Vols. IX–XI: Literature of the Republic, Part IV., 1861–1889
Recurrent Tendency of Human Life and Thought
By John Adams Dix (17981879)W
No one who has traced the current of human thought from the earliest sources revealed to us down to the present time can fail to be struck with its uniformity. Indeed, the writers in succeeding ages seem, at first glance, to be but a succession of plagiarists; and yet they are evidently, on a closer view, unconscious imitators—constrained to be so, because the current of thought in all that relates to the abstract runs forever in the same channels. Thus the utterances of the present are little else than echoes of the voices of the past. There are passages in Cicero almost word for word like others in the Psalms of David, and in St. Paul’s epistles word for word like others in the works of Cicero.
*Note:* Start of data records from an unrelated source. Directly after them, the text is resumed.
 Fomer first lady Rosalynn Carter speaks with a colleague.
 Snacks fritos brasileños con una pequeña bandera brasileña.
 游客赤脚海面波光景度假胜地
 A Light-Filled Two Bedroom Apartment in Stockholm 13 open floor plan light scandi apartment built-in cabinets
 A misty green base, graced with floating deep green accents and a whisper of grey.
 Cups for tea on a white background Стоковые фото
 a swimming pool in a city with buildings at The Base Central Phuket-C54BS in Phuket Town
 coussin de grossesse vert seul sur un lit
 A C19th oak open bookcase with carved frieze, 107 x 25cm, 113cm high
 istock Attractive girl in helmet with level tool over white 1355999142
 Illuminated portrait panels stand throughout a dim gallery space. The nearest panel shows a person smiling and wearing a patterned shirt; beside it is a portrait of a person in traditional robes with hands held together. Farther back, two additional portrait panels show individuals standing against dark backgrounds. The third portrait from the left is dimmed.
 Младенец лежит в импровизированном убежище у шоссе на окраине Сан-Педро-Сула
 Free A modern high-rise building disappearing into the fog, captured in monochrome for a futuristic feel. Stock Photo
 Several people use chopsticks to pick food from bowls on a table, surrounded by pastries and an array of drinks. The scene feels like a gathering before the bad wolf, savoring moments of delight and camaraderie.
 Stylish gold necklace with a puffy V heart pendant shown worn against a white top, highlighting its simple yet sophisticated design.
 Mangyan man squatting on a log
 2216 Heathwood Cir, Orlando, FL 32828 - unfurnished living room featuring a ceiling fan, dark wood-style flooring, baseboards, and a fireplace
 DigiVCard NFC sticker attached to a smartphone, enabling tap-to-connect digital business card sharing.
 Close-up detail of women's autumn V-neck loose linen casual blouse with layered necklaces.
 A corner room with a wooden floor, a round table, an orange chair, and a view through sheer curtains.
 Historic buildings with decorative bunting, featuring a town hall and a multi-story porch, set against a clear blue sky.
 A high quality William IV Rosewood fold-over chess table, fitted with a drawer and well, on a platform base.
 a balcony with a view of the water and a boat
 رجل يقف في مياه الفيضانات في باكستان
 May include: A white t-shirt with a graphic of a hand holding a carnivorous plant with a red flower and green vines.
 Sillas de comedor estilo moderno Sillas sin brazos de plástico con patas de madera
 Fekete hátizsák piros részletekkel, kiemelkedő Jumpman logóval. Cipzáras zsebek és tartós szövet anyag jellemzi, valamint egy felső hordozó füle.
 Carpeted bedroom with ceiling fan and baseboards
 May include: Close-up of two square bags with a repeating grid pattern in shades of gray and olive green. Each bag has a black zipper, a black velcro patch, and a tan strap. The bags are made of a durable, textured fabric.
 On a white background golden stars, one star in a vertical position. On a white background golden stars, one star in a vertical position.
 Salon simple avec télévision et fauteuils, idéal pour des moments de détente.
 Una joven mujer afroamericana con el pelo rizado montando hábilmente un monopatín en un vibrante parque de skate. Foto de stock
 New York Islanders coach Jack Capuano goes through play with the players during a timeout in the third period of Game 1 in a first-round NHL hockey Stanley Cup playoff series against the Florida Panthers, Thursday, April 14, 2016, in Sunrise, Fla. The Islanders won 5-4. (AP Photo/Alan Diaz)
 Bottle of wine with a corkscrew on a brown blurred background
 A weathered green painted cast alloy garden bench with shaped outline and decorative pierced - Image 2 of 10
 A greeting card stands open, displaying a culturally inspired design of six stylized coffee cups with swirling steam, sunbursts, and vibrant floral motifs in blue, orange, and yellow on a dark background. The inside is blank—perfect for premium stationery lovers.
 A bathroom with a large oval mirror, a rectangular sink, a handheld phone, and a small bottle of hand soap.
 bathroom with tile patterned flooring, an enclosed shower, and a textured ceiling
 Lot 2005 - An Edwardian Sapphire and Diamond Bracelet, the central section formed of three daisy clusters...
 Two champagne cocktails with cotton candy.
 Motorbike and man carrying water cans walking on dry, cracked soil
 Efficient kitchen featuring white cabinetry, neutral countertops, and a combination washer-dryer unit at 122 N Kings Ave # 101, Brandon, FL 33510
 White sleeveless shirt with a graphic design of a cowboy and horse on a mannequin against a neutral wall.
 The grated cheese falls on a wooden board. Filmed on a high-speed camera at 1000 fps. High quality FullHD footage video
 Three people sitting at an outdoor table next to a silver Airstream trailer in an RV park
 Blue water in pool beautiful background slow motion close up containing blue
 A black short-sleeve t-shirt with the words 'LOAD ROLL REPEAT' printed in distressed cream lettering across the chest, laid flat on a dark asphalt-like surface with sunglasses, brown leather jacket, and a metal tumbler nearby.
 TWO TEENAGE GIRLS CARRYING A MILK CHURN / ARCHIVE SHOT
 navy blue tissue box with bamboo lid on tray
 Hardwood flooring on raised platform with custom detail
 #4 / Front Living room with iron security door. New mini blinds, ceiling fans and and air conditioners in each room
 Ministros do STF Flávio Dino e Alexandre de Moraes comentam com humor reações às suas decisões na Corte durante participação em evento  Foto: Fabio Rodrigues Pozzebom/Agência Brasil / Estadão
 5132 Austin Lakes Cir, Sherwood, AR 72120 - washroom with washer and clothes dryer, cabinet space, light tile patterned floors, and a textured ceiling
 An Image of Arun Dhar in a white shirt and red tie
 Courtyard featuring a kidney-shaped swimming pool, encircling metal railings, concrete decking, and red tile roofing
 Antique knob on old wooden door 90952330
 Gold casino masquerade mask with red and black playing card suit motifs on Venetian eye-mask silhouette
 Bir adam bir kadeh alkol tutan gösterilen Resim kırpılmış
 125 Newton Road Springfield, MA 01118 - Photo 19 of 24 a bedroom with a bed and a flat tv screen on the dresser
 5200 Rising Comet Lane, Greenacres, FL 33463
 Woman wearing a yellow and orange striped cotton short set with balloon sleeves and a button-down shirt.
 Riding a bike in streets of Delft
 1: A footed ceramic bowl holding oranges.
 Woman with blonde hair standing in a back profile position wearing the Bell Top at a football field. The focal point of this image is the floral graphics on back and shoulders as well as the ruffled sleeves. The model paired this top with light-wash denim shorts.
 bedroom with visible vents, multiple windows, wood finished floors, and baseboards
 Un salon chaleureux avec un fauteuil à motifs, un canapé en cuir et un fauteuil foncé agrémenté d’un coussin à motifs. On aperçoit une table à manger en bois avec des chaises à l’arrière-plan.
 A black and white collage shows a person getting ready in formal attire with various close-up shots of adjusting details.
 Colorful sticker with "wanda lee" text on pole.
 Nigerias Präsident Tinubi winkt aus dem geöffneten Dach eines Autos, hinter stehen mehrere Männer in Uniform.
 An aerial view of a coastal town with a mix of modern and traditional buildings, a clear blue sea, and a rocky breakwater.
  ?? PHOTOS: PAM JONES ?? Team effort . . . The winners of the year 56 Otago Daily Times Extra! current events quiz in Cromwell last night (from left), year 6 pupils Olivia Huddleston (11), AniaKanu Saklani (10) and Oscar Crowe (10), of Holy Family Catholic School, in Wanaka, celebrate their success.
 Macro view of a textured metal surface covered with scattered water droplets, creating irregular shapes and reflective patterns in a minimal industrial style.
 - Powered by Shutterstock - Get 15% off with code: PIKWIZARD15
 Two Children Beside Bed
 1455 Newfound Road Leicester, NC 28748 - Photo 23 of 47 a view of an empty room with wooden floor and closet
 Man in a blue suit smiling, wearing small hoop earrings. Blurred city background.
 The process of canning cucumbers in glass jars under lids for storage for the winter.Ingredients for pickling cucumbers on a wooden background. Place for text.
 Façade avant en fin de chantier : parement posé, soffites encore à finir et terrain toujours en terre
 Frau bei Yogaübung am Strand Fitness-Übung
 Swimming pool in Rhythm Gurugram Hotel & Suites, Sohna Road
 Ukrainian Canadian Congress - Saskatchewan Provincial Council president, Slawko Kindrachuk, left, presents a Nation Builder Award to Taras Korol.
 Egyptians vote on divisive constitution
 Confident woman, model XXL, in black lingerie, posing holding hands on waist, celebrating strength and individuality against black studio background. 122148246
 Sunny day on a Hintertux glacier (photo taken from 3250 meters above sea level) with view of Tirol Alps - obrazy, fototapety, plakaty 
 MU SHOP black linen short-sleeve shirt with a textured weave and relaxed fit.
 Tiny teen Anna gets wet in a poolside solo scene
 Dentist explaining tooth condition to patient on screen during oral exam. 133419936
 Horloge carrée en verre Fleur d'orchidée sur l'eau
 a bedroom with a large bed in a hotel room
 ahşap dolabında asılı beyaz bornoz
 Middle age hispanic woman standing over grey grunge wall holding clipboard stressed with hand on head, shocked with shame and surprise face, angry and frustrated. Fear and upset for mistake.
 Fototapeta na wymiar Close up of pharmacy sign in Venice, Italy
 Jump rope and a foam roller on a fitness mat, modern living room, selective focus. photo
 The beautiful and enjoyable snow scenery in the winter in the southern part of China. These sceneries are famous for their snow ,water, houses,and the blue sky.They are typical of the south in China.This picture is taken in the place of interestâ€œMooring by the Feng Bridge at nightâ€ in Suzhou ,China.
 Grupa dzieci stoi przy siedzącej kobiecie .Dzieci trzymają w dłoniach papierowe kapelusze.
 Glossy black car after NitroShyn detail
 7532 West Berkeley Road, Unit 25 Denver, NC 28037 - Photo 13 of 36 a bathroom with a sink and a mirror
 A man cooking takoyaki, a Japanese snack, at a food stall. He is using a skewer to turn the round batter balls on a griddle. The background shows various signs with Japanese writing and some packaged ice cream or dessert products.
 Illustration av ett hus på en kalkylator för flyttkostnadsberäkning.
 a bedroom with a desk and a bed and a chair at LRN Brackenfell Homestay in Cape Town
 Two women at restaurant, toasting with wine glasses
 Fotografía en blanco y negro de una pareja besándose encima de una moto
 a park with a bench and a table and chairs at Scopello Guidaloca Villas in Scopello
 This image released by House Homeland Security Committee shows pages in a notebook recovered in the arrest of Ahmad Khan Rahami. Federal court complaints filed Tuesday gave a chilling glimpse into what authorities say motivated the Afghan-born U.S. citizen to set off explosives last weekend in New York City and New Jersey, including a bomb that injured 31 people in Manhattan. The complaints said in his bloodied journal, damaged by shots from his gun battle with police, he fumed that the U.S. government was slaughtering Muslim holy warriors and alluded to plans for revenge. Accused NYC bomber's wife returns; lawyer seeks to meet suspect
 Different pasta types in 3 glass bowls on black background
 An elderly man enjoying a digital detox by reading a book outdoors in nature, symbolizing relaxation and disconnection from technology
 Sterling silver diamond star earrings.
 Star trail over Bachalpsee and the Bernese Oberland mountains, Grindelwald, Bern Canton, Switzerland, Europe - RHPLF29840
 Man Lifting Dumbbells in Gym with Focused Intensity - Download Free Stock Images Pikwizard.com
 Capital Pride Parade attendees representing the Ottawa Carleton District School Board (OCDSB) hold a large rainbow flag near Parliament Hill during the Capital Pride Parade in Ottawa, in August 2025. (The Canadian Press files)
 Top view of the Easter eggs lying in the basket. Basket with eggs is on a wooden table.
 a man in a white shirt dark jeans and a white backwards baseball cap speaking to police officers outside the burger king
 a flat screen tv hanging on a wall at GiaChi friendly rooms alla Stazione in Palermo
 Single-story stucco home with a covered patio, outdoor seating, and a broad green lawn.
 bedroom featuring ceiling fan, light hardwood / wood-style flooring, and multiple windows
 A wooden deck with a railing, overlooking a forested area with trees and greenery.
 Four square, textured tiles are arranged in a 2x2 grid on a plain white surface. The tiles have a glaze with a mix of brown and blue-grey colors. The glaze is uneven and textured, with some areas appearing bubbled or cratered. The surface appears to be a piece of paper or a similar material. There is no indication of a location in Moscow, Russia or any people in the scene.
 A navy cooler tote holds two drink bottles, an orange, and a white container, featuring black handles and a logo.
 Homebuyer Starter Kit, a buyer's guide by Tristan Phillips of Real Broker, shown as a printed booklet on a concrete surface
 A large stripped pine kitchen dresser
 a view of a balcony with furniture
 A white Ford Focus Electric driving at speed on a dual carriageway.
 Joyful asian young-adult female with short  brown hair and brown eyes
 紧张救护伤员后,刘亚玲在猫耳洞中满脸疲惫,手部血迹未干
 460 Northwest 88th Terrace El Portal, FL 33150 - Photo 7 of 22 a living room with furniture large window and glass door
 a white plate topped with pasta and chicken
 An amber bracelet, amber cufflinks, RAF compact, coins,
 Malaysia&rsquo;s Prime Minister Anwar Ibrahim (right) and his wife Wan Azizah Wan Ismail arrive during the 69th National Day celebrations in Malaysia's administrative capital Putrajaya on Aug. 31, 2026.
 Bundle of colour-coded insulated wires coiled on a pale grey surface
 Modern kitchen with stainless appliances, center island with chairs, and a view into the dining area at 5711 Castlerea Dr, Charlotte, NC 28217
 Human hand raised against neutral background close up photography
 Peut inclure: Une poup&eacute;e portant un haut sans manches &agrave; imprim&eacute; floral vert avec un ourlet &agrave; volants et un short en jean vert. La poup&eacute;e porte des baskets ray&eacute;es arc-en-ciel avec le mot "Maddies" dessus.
In the great folio of Erasmus, of two thousand pages, on the adages of all ages and nations, you may trace to the ancient Israelites, and to the Greeks and Romans, almost every saying or proverb which is current among us to-day. Even the “almighty dollar” of Washington Irving has its equivalent in the regina pecunia of Horace. The ancient philosophers, groping without the light of the Gospel for great moral truths, were sometimes successful in grasping them amid the spiritual darkness in which they were involved, manifesting unmistakably that their minds were illumined by rays of the Eternal Essence which created and controls the universe. It is a remarkable fact that the precept which lies at the foundation of the Christian code—“Do unto others as you would have others do unto you”—was proclaimed as a moral axiom centuries before the advent of the Saviour, and that he did not disdain to adopt it, stamping it with divine authority, and prescribing it for the government of mankind. If we are to contend successfully against the social and political evils which beset us, it must be through a better observance of this and his other kindred commands. In hoc signo—in this sign only can we hope to conquer. The two altars of our religious and political faith should stand side by side. Then may we trust that their fires will ascend in a common flame to heaven, and call down the blessings of prosperity and peace upon our beloved country.